24 Jahre lang stand Argentinien in keinem WM-Endspiel mehr. Am Sonntag gegen Deutschland ist das stolze Land nur Außenseiter. Aber: Der zweimalige Weltmeister hat Messi – und große Motivation.

Rio de Janeiro. Lionel Messi hielt sich auch vor dem Spiel seines Lebens mit emotionalen Sprüchen zurück. Für Argentiniens Weltstar ist der nationale Großauftrag ohnehin längst formuliert: endgültig raus aus dem Schatten von Diego Maradona und auf ewig in die Herzen von 40 Millionen Landsleuten.

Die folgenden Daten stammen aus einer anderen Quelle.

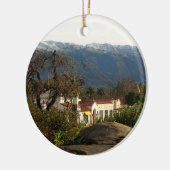 Ojai met sneeuw keramisch ornament (Links)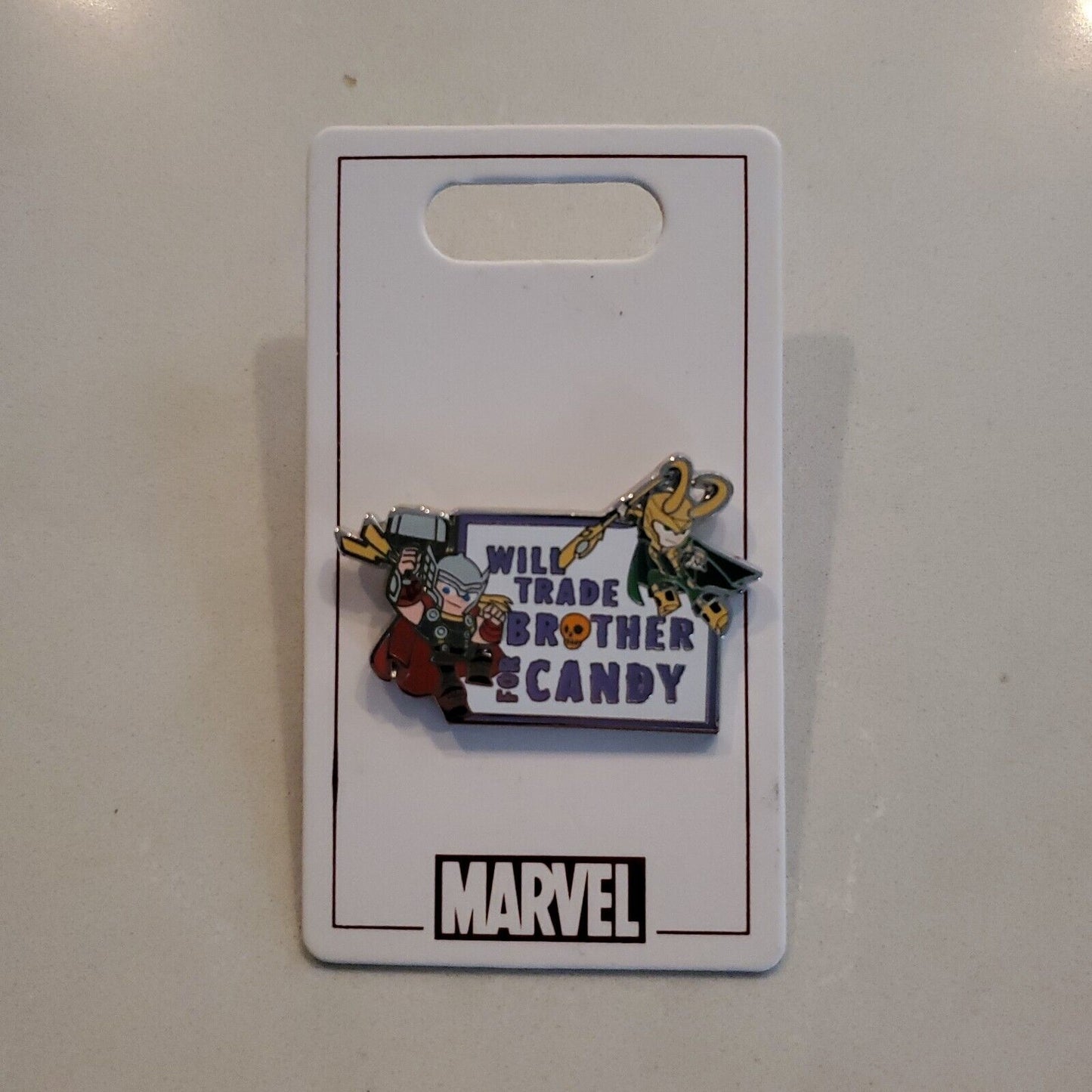 Disney Pin Marvel Thor and Loki Halloween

Der 27-Jährige will sich am Sonntag in Rio auch vom Brasilien-Schreck Deutschland nicht einschüchtern lassen und Argentinien im ehrwürdigen Maracanã zum dritten WM-Titel führen. „Das ist die Chance, von der wir unser Leben lang geträumt haben“, sagte Argentiniens heimlicher Chef Javier Mascherano vor dem Endspiel der Weltmeister an diesem Sonntag (21 Uhr/ARD). Messi und Mascherano versuchen bereits zum dritten Mal, Weltmeister zu werden.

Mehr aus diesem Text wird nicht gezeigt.